Image-caption web data
:::::

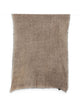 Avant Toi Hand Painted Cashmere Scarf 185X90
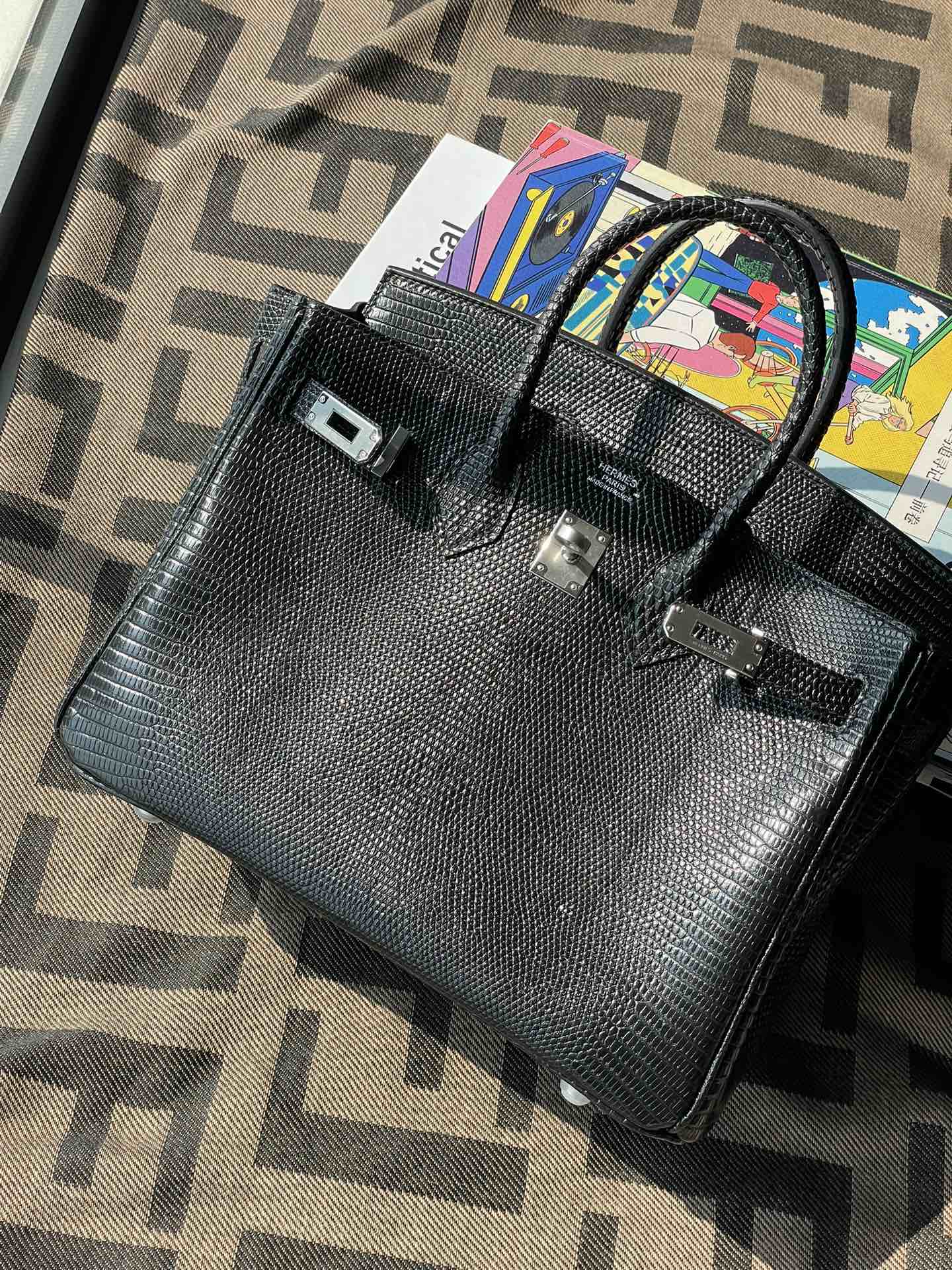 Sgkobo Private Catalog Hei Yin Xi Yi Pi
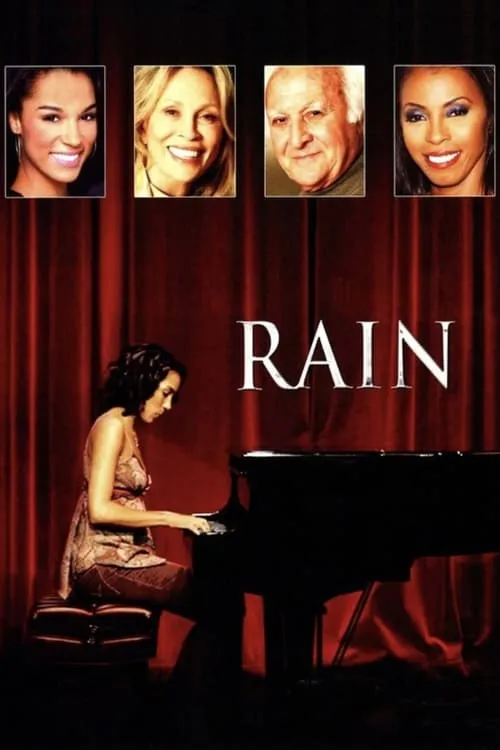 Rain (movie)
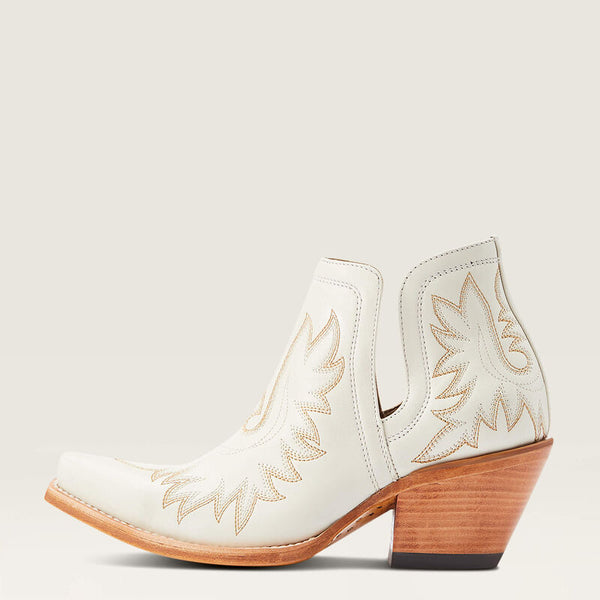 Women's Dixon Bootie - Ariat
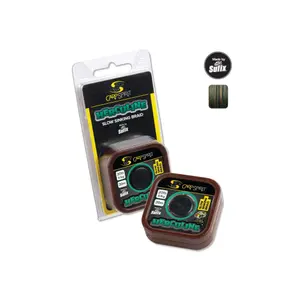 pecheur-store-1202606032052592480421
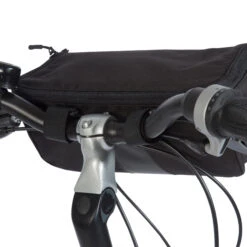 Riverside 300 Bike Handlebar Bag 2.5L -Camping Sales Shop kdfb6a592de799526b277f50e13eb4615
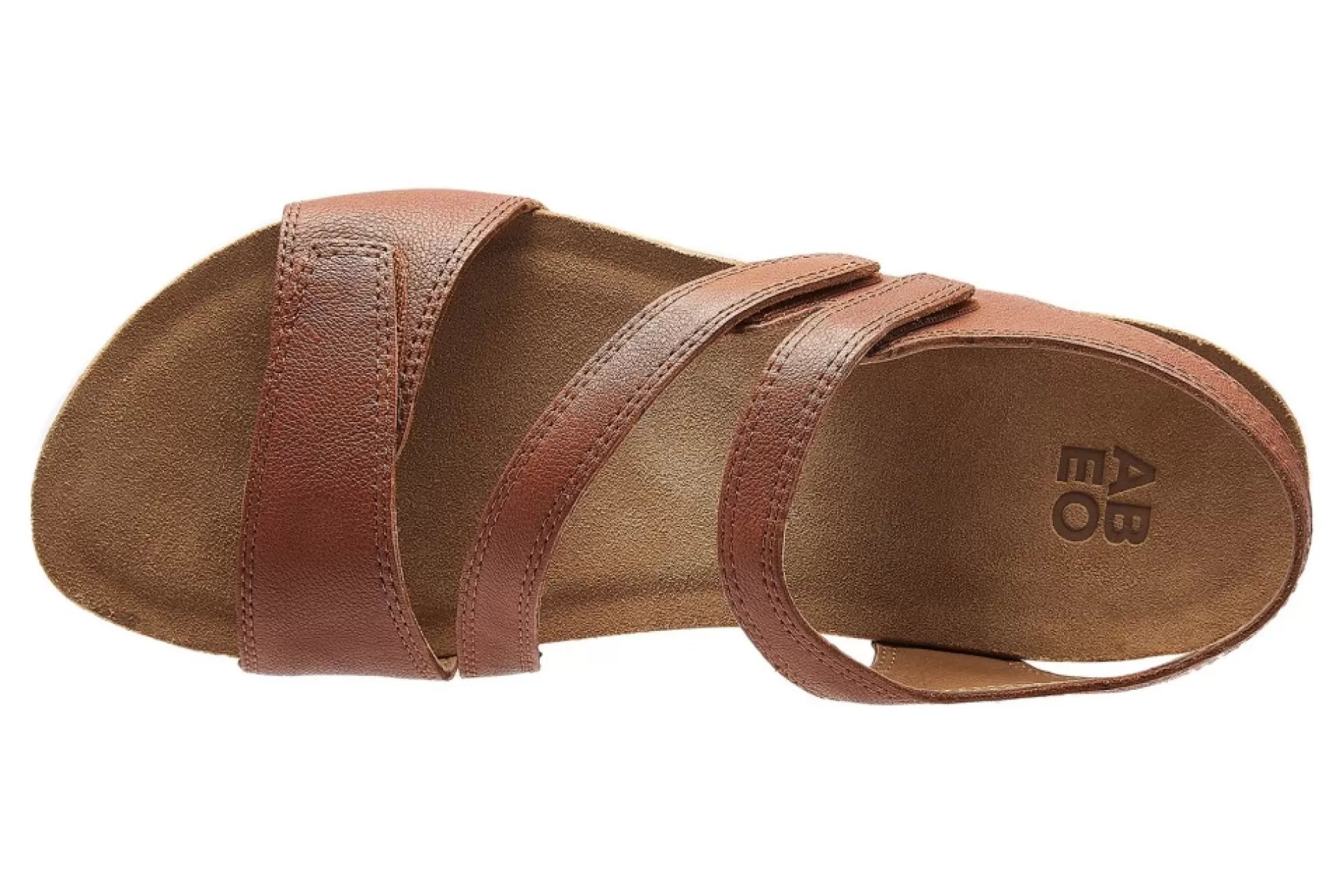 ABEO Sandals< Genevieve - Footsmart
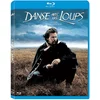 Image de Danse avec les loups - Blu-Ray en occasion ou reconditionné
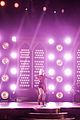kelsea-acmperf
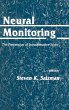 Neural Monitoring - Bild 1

:::::

:: What you are asked to do ::
Each line of the data above must be reproduced as written. Skip the pictures.

:: Solved exercise ::
 Avant Toi Hand Painted Cashmere Scarf 185X90
 Sgkobo Private Catalog Hei Yin Xi Yi Pi
 Rain (movie)
 Women's Dixon Bootie - Ariat
 pecheur-store-1202606032052592480421
 Riverside 300 Bike Handlebar Bag 2.5L -Camping Sales Shop kdfb6a592de799526b277f50e13eb4615
 ABEO Sandals< Genevieve - Footsmart
 Image de Danse avec les loups - Blu-Ray en occasion ou reconditionné
kelsea-acmperf
 Neural Monitoring - Bild 1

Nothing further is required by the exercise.